The Reproduction Right
The reproduction right gives the copyright owner the exclusive right to make copies of his work. For example, if you own a copyright in a sound recording, you have the exclusive right to make copies of the sound recording through CDs, cassette tapes or by any other means.
For composers of music, the reproduction right is limited by the right of others to make a sound recording once a composer has recorded and distributed copies of his composition. We will talk more about this limitation under the mechanical license section.
For performers who own a copyright in the sound recording, the reproduction right gives the exclusive right to prevent duplication of the sound recording. However, the copyright owner cannot prevent an imitation. The owner of the copyright cannot prevent somebody from gathering their own artists, equipment and engineers and recording the same song to sound exactly like the earlier recording. This might be the reason many record contracts have provisions requiring performers to agree to work for that label exclusively for a specified number of years.
The Adaptation Right
The adaptation right gives the copyright owner the exclusive right to create derivative works. A derivative work or an adaptation is a new work based on an existing work. For example, if someone uses melodies from one composition in another composition, the adaptation right is implicated. The person using the piece from the existing composition needs permission from the original composer.
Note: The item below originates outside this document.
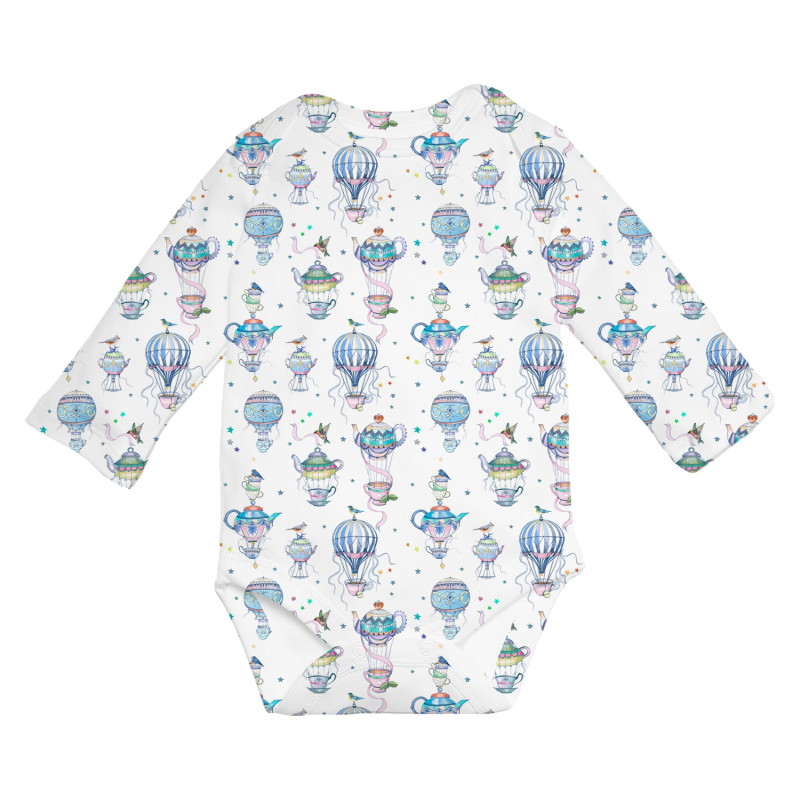 Printed Long-Sleeved Bodyvest for Babies BLS001 Time for tea Printed Long-Sleeved Bodyvest for Babies BLS001 Time for tea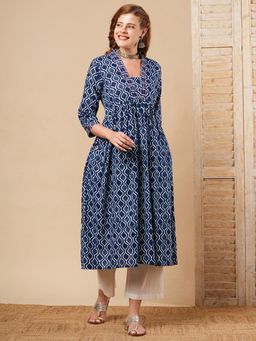 FASHOR - Women Cotton Blue V-Neck Printed Anarkali Kurta with Pant (Set of 2)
Music sampling is an example of a derivative use of older works. However, sampling is a controversial practice. Many samplers may argue that they do not need licenses to sample especially when they are sampling a very small portion of a recording and the original music cannot be recognized in the sampled work.
The few courts that have dealt with the issue have treated sampling of musical compositions different from sampling of sound recordings. While sampling very small portions of a composition has been held to be permissible, sampling of even small portions of sound recordings has not. However, the law in this area is far from settled. Samplers unable to obtain license are faced with three options: do not sample, assert fair use or claim that the use is de minimis use i.e. that the use is so small that it is permissible under the law. The test for de minimis use is whether the audience can identify the original work in the sampled work.
The Distribution Right
Only the copyright owner or a person authorized by him has a right to distribute copies of the work. For example, only the owner of the copyright in a sound recording can sell or authorize others to sell CDs containing the sound recording.
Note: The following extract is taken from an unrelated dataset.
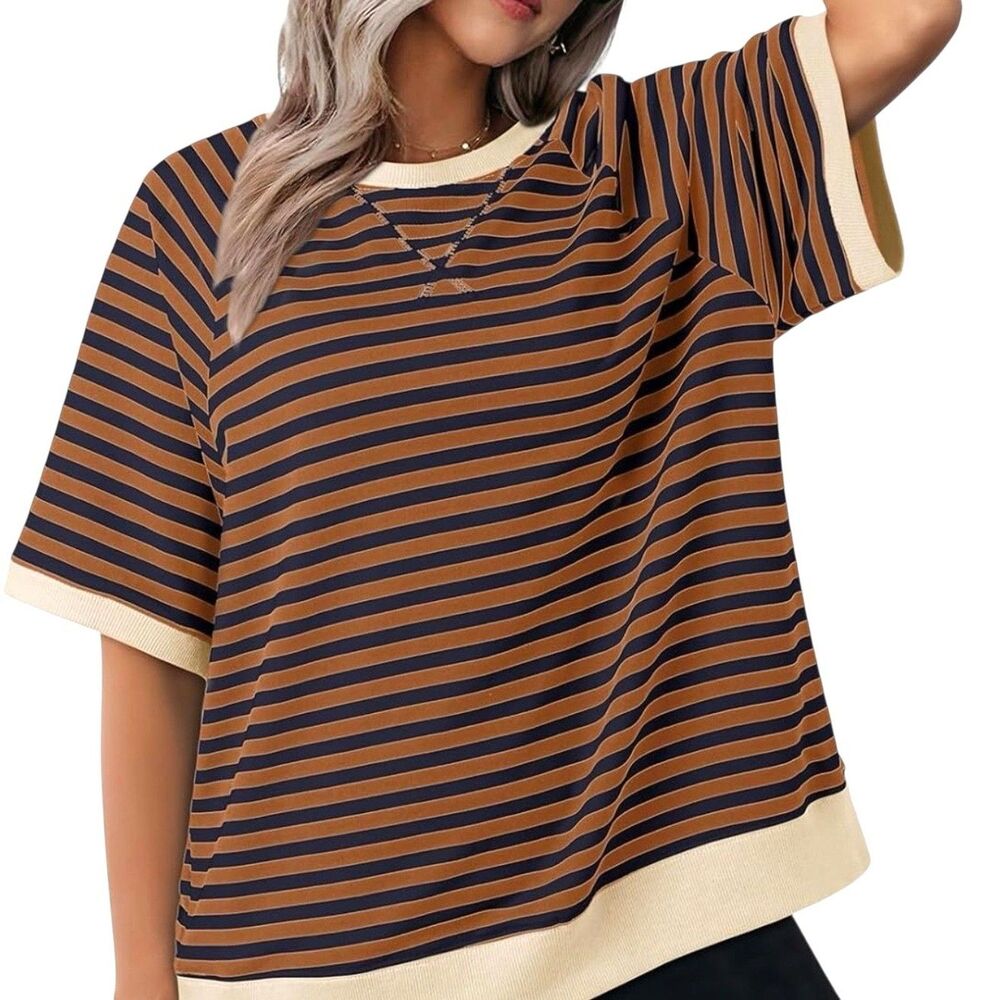 Dokotoo Knit Top Blouse Crewneck Stripe Rugby Brown Black XL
The Public Performance Right
The copyright owner has the exclusive right to perform or authorize the public performance of his work. A performance is public when it is made in front of a large or undefined number of people or is broadcast to members of the public. For example, when a singer sings a song in a concert hall, a TV station broadcasts a song, there is a public performance. Private performances, i.e. performances in front of family and friends, do not need consent from copyright owners.
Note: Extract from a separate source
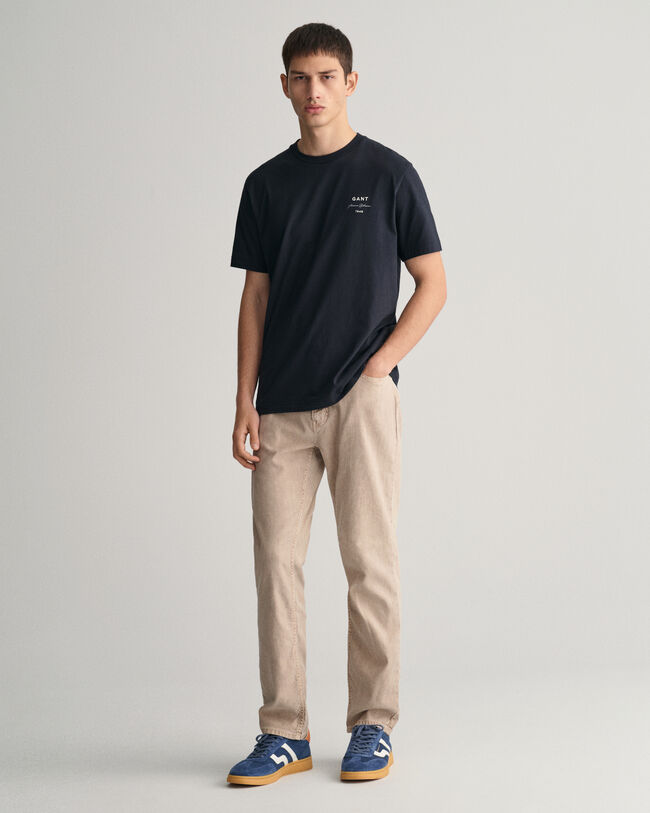 Regular Fit Jeans aus Baumwolle und Leinen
The public performance rights of composers and owners of copyright in sound recordings vary a great deal. Composers have to be compensated whenever their composition is publicly performed whether through radio or TV or in a concert hall. The right encompasses what has come to be known as synchronization rights. A synchronization right is the right to authorize use of music as a background or as part of a movie or a television show.
In contrast, copyright owners of sound recordings have no general public performance right. This means that when an over-the-air radio station plays a record, the composer is entitled to compensation but the owner of copyright in the sound recording is not. In 1995, Congress passed the Digital Performance Right in Sound Recordings Act. This law grants to owners of copyright in sound recordings a public performance right in digital transmissions of their music. This right is subject to a number of limitations which we will talk about in the limitations section.
Administration of the Public Performance Right
Administration of the performance right varies between composers and owners of copyright in sound recordings. While composers administer this right through voluntary organizations, owners of copyright in sound recordings administer the right under a compulsory license scheme provided by the law. We will discuss the administration of the right for composers in this section. We will discuss administration of the right for owners of copyright in sound recordings under the limitations section.
Although the law gives exclusive performance rights to composers, it is almost impossible for individual composers to enforce this right. How is a composer to know when and where his works are being performed? Therefore, performance rights are enforced by “performance rights societies” formed by authors and composers.
The performance right is administered by three organizations — the American Society of Composers, Authors and Publishers (ASCAP), Broadcast Music, Inc. (BMI) and SESAC (formerly known as the Society of European Stage Authors and Composers). These organizations are also known as the performance rights organizations (PROs). They license compositions for public performance on behalf of composers who are members of these organizations and distribute royalties collected to the composers.
These PROs charge a single blanket license for unlimited access to their entire repertories of musical works for a contractual period. The license is charged as a percentage of the music user’s revenue. The percentage is negotiated based on use and the importance of the music in the user’s operation. Generally wealthier users such as the major television networks are charged more than small users.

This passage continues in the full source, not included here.